Efforts are moving forward to toughen the penalties for businesses that cheat New Jersey workers out of their full salaries and benefits, or punishing them if they complain.

During hearings on the proposed changes in the Assembly Labor Committee last Thursday and the State Senate Budget and Appropriations Committee on Monday, concerns were raised about cracking down on firms that may have unknowingly withheld wages because of an accounting mistake.

Existing law calls for a $100 fine for the first nonpayment of wages, but proposed legislation would increase the penalty to $500 to $1,000, or up to three months in jail.

Sal Risalvato, executive director of the New Jersey Gasoline, C-Store and Automotive Association, a group that represents gas station and convenience store owners, said that’s unacceptable because there is no distinction made “between those that cheat their employees and those that make errors and unknowingly may have cheated their employees.”

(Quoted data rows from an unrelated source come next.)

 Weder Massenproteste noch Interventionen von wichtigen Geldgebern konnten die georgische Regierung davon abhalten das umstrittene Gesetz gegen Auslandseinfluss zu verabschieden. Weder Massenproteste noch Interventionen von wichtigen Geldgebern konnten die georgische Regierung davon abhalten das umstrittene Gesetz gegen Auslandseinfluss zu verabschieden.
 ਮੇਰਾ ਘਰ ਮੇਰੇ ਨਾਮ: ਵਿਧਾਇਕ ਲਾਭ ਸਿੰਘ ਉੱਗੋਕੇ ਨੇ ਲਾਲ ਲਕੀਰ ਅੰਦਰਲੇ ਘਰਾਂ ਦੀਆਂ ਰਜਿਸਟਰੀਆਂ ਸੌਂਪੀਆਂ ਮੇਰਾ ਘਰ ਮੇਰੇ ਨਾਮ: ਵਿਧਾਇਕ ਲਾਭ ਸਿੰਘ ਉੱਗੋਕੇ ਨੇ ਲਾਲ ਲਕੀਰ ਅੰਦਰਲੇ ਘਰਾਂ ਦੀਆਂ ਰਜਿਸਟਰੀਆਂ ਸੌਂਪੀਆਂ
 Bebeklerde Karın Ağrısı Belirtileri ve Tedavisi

He pointed out in the businesses he represents, the owner is the one who handles the bookkeeping and everything else, so he’s a one-man band.

"It would be wrong to punish that business owner the same as a business owner that makes a calculation to cheat employees," he said.

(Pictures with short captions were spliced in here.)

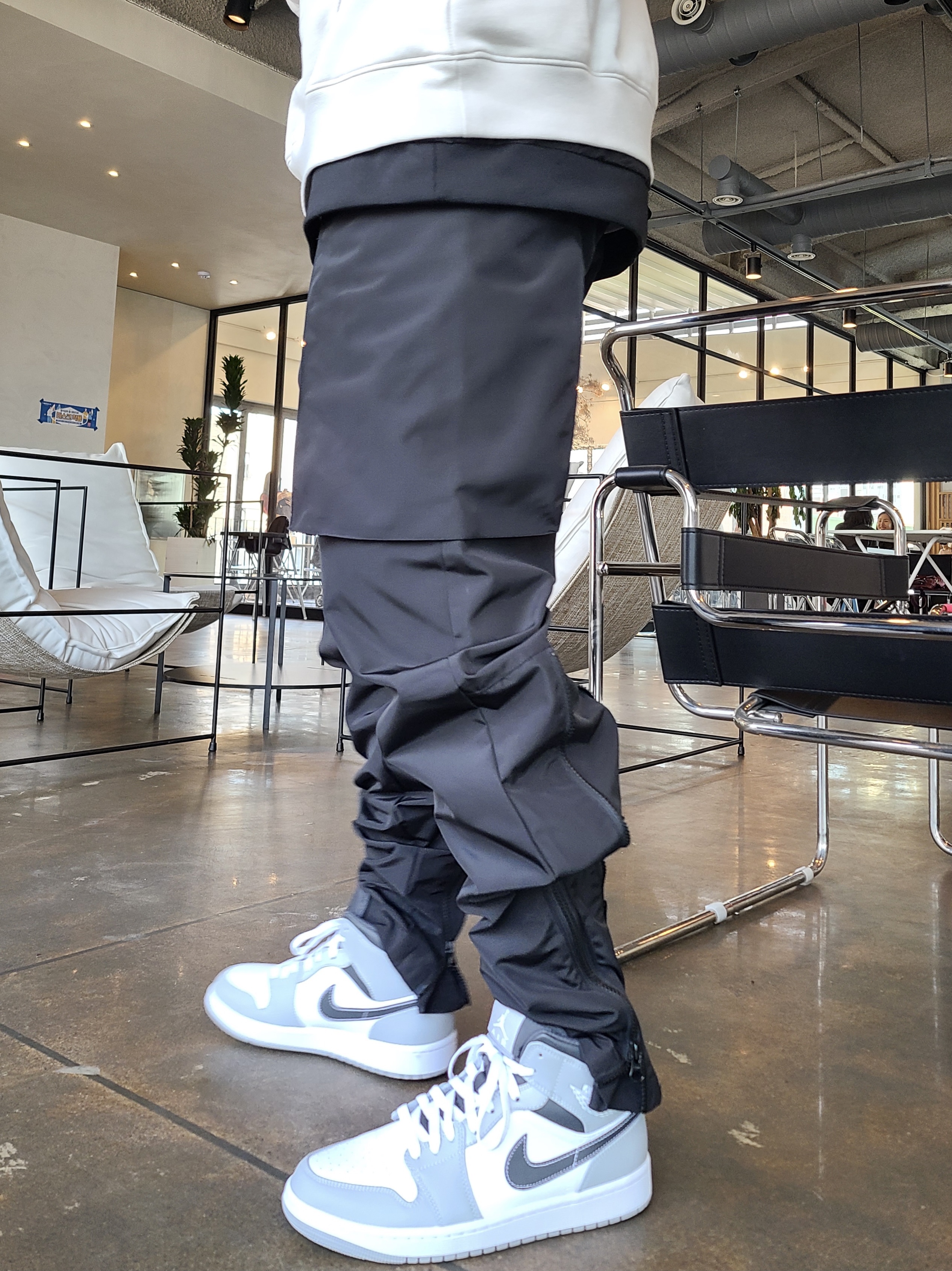 Jordan 1 Mid Light Smoke Grey Anthracite, Essentials x New Era Retro Crown Strapback White 착용 스타일 - 3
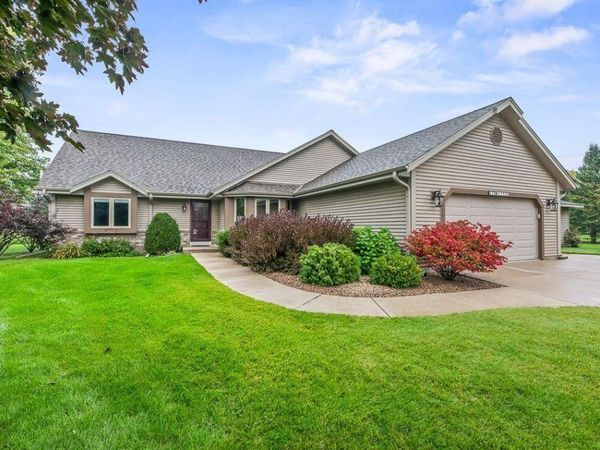 S79W15520 Foxboro PLACE, Muskego, WI 53150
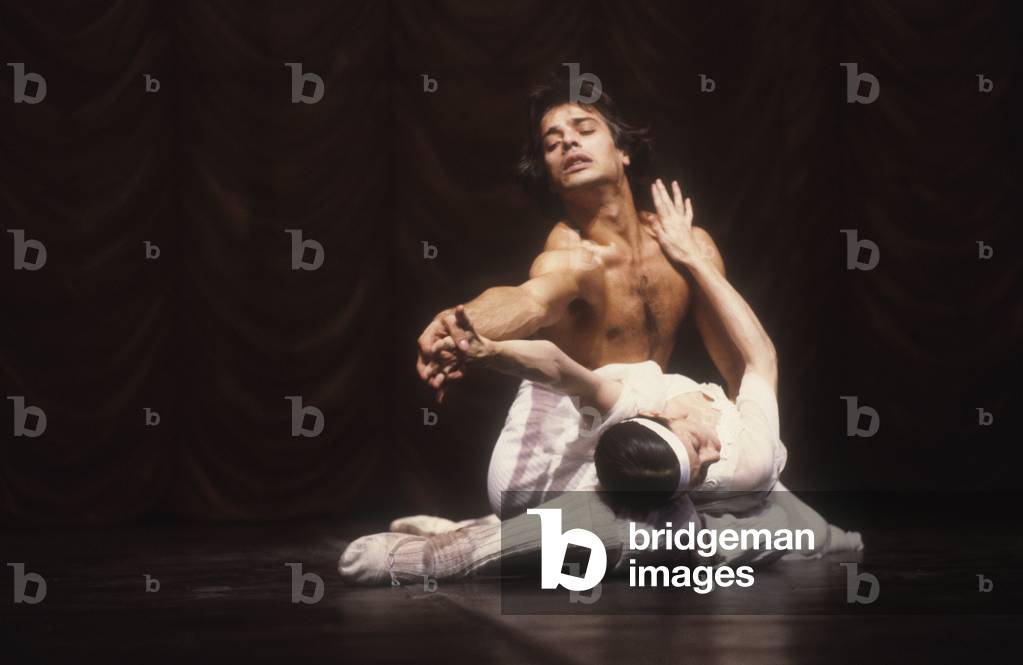 Ballet dancers Carla Fracci and Gheorghe Iancu performing (1983) (photo)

When asked what should be done to tweak the legislation to fix it, he said “we want consideration taken for any employer that unknowingly makes a mistake and cheats an employee, particularly if the mistake is corrected."

He stressed penalties for first-time offenses should remain as they are, at $100.

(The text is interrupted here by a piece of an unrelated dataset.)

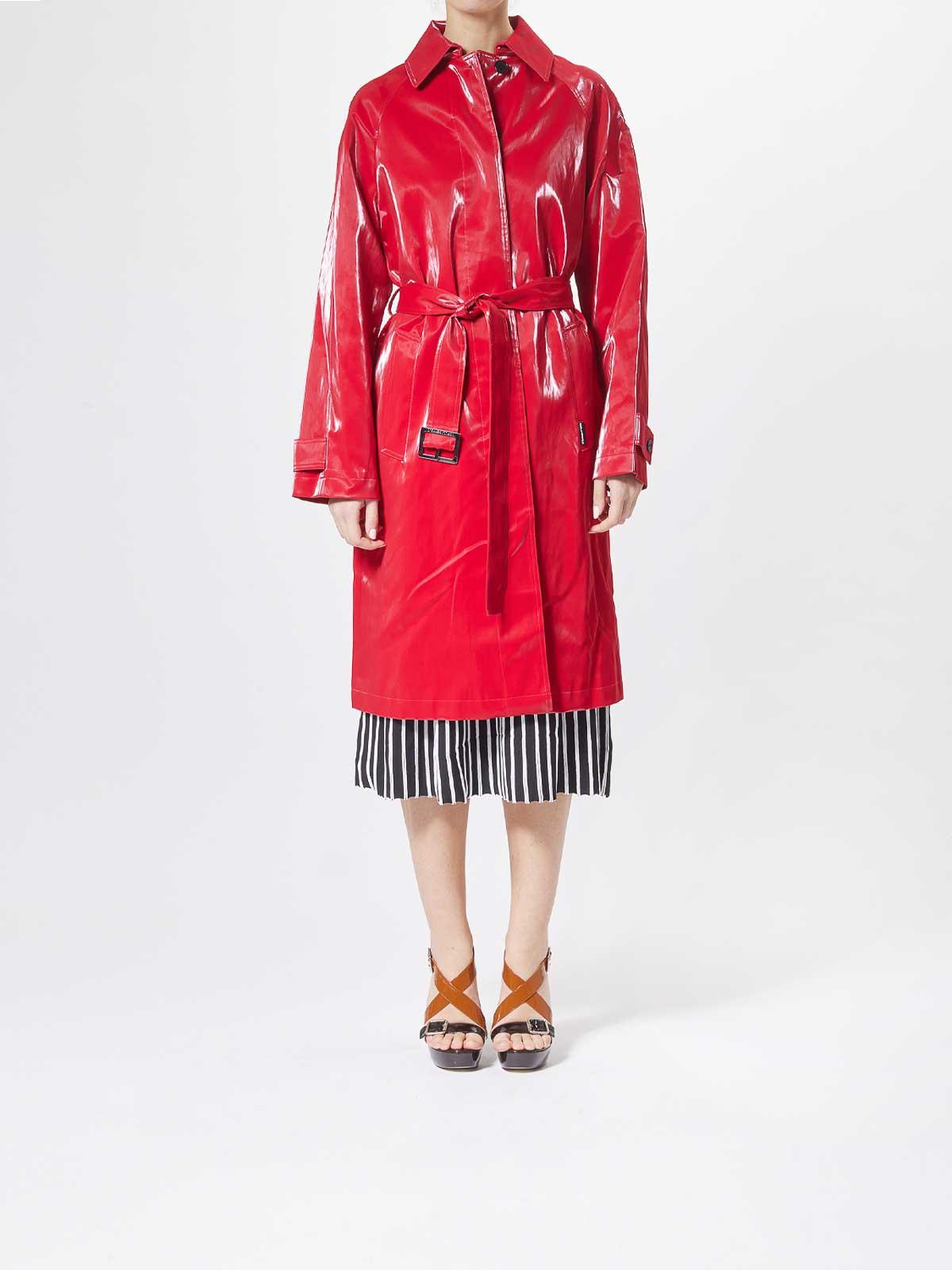 karl-lagerfeld-Red-Coated-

Risalvato said “there is no honest business that would condone another business stealing the wages or cheating employees" because they would gain an unfair advantage over competition.

Both the Assembly and State Senate versions of the bills were released by their respective committees, but several lawmakers in both chambers expressed concerns about the severity of first-time punishments.

Senate Budget and Appropriations Committee Chairman Paul Sarlo, D-Bergen, indicated that several amendments were being crafted, including one that would cover first offenses, but he would not elaborate.